Fold 0: 8820768048950.701
Fold 1: 3580841319844.273
Fold 2: 6380667824783.314
Fold 3: 11227811335787.287
Fold 4: 6417509937430.679


### Mini-batch

In [6]:
mlflow.start_run(run_name="experiment-mini")

#######
params = {"method": "mini", "alpha": 0.01}
lr = LinearRegression(**params)
lr.fit(X_train, y_train)
yhat = lr.predict(X_test)
mse  = lr.mse(yhat, y_test)

mlflow.log_params(params=params)
mlflow.log_metric('mse', mse)

#######

mlflow.end_run()


Fold 0: 78837.08682827152
Fold 1: 2646.300208375495
Fold 2: 2792.062951504067
Fold 3: 6530.007454750576
Fold 4: 9957.29334330124


## Group Workshop - Check your understandings

Answer the following questions:

Instruction:  Gather in your group.  Will randomly pick groups to present.
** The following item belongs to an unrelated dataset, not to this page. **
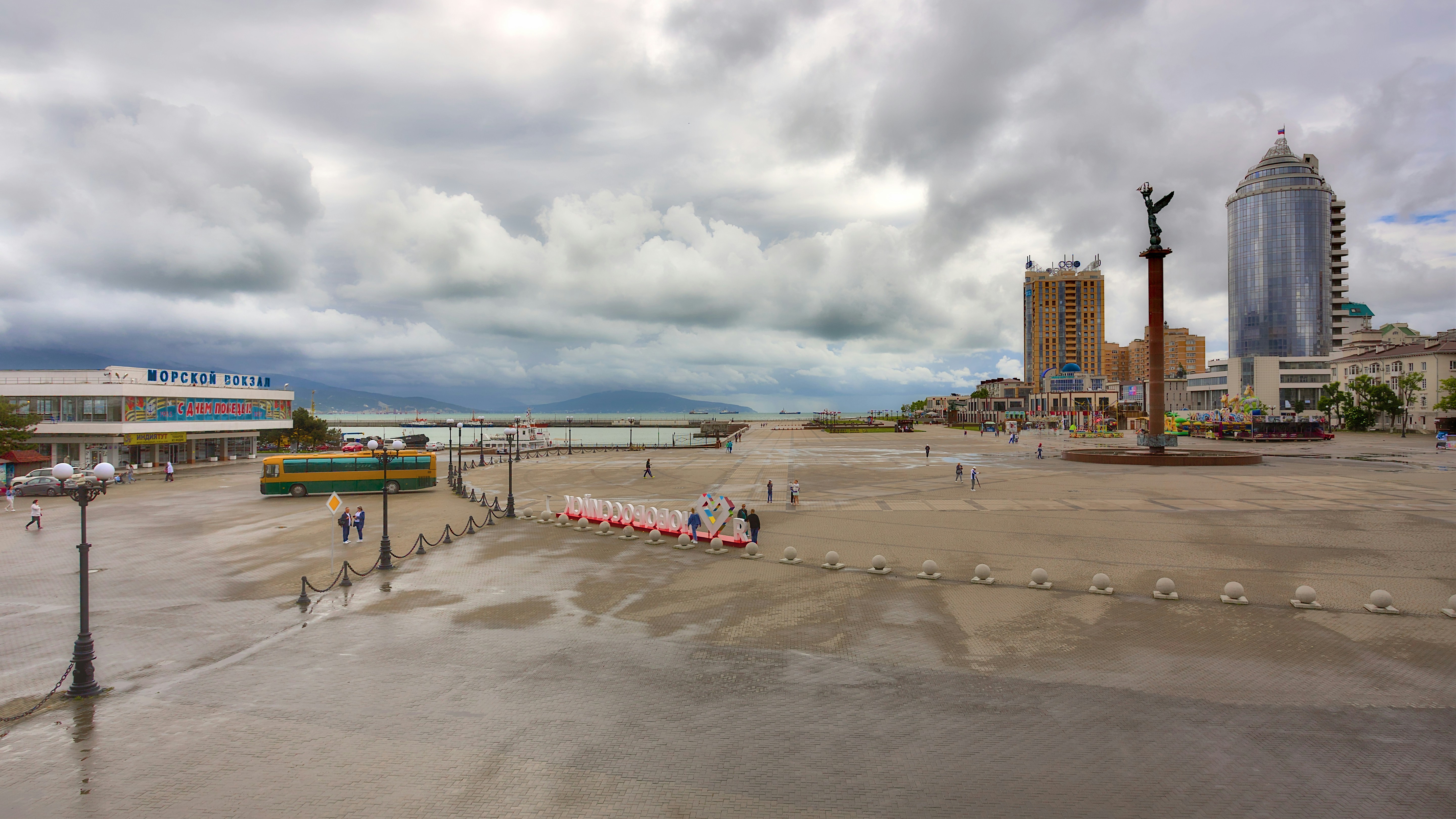 A wet promenade under a stormy sky.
1.  Explain why Chaky teach stochastic and mini-batch gradient descent.  Why we should care?  Explain in your own words.
2.  What's the shape of `X_train` and `y_train`?
3.  What does `batch_size=50` means?
4.  what is `np.infty`?  Why is set like that?
5.  What is `enumerate(self.cv.split(X_train))`
6.  What's the shape of `X_cross_train` and `y_cross_train`?
7.  What's the shape of `X_method_train` and `y_method_train` in the case of stochastic gradient descent?
8.  What's the shape of `X_method_train` and `y_method_train` in the case of mini-batch gradient descent?
9.  What's the shape of `X_method_train` and `y_method_train` in the case of batch gradient descent?
10. In https://scikit-learn.org/stable/modules/classes.html#module-sklearn.model_selection, there are many ways to split and `KFold` is the simplest.  Try do `enumerate` the `ShuffleSplit` and tells us what index it gave us.   If you are confused, see the examples shown in https://scikit-learn.org/stable/modules/generated/sklearn.model_selection.ShuffleSplit.html#sklearn.model_selection.ShuffleSplit
11. Change our code so that it uses `ShuffleSplit`.  Report the Test MSE.
12. Please learn about `TimeSeriesSplit` by yourself, as it is used in time series data.
13. In one `epoch`, we train a model using all training data.  Which line(s) of code makes sure we used all the training data?
14. What is `np.random.permutation` and what does it give you?  Demonstrate your answer with trial code.
15. In a line `X_method_train = X_cross_train[batch_idx].reshape(1, -1)`, why do we need to reshape?
16. In a line `yhat_val = self.predict(X_cross_val)`, when should validation happens?  
17. What does this line do: `if np.allclose(val_loss_new, self.val_loss_old): break`?
18. Explain why the coefficients can be achieved via `return self.theta[1:]`
19. Perform an experiment comparing these parameters using cross-validation: `alpha: {0.1, 0.01, 0.001}`, `method:{'batch', 'sto', 'mini'}`.  Write a short paragraph report.